| WORK INSTRUCTION |
How many lines in the listing contain the word "Used"? Reply with the number alone.
....................
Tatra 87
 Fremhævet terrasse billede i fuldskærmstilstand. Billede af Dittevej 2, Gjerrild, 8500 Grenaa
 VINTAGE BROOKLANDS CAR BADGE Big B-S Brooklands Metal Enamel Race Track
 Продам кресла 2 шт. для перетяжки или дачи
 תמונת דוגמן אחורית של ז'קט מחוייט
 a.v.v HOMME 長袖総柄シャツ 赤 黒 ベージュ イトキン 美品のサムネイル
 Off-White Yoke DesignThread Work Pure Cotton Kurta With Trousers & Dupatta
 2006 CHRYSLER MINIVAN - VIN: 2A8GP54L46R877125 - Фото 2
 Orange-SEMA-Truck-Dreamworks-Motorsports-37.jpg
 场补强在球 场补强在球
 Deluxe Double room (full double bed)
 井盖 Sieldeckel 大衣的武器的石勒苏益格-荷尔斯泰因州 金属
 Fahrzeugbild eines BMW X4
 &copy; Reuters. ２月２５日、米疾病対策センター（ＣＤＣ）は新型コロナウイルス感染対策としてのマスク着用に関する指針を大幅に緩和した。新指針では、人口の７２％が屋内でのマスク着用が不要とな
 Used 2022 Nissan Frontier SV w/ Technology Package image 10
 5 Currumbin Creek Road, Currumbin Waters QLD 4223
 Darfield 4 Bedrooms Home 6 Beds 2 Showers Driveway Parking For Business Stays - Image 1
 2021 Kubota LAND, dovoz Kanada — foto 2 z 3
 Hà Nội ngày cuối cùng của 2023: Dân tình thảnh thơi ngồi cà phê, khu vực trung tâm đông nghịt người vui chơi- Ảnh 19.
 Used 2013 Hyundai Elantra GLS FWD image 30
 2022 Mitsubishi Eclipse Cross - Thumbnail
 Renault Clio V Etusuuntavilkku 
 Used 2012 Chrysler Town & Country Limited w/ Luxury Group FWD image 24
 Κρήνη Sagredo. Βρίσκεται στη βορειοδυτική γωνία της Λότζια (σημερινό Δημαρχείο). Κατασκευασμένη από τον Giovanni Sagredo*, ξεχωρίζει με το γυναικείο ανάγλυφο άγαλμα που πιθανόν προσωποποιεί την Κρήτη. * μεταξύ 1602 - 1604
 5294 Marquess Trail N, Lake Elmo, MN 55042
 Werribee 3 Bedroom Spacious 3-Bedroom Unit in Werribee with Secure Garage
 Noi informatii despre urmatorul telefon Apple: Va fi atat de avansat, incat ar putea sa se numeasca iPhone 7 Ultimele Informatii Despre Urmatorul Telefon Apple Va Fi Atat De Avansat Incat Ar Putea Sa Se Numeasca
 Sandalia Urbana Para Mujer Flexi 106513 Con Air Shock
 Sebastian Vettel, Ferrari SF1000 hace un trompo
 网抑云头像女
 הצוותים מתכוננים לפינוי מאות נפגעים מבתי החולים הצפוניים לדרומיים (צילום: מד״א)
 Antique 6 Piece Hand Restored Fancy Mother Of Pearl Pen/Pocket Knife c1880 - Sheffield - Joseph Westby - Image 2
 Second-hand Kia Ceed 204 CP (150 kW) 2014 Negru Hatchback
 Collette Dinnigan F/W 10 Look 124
....................
| ANSWER BOX |
3